Perfect from Now On is the third full-length album released by Built to Spill, and the band's first major label (Warner Bros.) release. It was recorded at the Avast! Recording Company in Seattle, Washington by Phil Ek. Stylistically, the album was marked by its experimentation with longer song structures and philosophical lyrics.

The album was recorded three times. The first time, frontman Doug Martsch attempted to play all the instruments except drums. He and Ek were dissatisfied with the results, so Martsch brought in bassist Brett Nelson and drummer Scott Plouf and recorded the album again. However, these tapes were destroyed by heat when Ek was driving from Seattle to Boise to record additional overdubs. The band rehearsed some more, then recorded the album a third time.
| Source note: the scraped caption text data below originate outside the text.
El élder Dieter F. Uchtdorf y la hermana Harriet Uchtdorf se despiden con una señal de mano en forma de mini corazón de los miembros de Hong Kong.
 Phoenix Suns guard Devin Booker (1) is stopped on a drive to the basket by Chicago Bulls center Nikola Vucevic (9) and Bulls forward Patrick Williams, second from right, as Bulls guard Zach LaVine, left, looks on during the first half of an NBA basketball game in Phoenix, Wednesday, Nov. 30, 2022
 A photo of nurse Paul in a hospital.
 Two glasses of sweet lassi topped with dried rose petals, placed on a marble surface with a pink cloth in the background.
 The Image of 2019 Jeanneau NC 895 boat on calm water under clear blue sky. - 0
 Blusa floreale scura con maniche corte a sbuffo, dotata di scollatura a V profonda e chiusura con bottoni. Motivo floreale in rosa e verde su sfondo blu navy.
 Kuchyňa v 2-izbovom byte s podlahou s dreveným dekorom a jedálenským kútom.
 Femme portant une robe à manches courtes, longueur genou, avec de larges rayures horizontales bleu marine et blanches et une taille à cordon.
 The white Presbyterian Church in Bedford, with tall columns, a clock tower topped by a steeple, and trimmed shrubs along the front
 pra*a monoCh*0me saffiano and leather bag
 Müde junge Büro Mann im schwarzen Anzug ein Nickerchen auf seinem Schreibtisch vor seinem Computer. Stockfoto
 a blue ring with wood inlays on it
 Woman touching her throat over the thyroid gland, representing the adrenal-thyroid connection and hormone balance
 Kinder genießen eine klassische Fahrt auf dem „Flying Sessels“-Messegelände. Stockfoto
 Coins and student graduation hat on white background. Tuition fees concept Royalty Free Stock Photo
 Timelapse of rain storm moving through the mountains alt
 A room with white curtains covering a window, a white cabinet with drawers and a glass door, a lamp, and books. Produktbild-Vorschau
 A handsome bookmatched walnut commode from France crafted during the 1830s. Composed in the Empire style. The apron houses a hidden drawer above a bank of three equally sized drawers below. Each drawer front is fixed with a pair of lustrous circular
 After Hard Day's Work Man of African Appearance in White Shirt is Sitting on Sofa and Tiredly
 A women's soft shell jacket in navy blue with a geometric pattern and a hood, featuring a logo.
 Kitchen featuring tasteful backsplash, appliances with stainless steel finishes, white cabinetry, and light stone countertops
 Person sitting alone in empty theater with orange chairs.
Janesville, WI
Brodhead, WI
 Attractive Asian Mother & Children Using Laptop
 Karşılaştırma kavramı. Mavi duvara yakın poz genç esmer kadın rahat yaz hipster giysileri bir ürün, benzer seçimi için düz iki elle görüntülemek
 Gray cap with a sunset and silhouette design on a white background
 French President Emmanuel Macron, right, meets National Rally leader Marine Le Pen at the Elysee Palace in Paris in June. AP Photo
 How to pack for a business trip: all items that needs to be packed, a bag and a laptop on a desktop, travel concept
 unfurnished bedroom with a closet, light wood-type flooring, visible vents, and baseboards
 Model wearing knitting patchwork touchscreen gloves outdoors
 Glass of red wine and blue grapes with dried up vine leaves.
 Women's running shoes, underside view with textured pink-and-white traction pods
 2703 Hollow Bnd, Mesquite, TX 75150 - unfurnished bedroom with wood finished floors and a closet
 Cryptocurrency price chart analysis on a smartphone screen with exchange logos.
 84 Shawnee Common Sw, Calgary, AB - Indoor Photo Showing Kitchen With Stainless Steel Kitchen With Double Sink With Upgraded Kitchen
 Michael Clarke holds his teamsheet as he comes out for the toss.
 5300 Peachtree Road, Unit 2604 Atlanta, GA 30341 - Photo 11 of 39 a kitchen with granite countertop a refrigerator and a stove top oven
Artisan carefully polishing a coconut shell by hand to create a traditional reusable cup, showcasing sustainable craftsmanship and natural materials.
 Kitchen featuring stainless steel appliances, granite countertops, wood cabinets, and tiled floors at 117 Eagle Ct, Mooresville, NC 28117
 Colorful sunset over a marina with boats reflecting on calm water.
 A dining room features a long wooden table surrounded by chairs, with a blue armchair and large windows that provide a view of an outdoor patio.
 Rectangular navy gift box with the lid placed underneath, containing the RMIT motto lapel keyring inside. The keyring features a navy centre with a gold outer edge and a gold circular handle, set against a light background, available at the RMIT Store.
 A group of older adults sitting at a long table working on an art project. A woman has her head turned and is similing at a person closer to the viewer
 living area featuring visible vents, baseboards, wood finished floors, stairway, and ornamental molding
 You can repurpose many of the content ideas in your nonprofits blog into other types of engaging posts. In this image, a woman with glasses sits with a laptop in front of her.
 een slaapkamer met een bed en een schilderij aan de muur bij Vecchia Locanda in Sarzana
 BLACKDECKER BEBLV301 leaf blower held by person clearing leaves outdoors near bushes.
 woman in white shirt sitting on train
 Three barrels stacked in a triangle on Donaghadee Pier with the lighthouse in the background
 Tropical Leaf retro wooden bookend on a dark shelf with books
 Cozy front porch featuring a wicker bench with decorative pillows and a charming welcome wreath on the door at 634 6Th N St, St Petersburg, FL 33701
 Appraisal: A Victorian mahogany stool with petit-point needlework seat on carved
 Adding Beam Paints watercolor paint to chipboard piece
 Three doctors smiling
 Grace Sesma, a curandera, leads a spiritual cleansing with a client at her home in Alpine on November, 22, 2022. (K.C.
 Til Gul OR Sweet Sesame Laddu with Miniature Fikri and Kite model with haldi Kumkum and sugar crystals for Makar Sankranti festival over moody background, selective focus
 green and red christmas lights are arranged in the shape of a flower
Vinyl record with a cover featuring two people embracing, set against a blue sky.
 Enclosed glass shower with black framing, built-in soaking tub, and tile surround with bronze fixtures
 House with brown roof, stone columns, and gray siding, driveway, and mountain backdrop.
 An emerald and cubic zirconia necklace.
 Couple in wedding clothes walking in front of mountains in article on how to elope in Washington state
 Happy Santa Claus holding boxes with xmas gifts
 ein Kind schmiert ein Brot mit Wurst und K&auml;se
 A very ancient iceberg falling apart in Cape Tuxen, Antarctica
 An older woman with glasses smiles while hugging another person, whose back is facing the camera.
According to a February 1999 Spin Magazine article, the album had sold 43,000 copies up until that point. 

In September 2008, the band embarked on a three-month tour to perform the album in its entirety.

Background 
In contrast to Built to Spill's first two albums, Perfect from Now On contains mostly long, sprawling songs. Martsch wrote the album as a result of his distaste of grunge music such as Nirvana, making the songs long and unconventional on purpose in order to prevent them from being played on the radio. "I didn’t want us to have a hit. I was a little nervous that we might accidentally have a hit, and that our music would be shoved into people’s faces," he said. Martsch wanted Built to Spill's popularity to spread organically through word-of-mouth rather than being promoted heavily.

Despite the length of the album's songs, Martsch rejected comparisons to progressive rock, stating that he listened to Thinking Fellers Union Local 282 instead. Perfect from Now On was Built to Spill's first album released on Warner Bros. Records, which Martsch signed with because they offered health insurance to his family, including his newborn son at the time.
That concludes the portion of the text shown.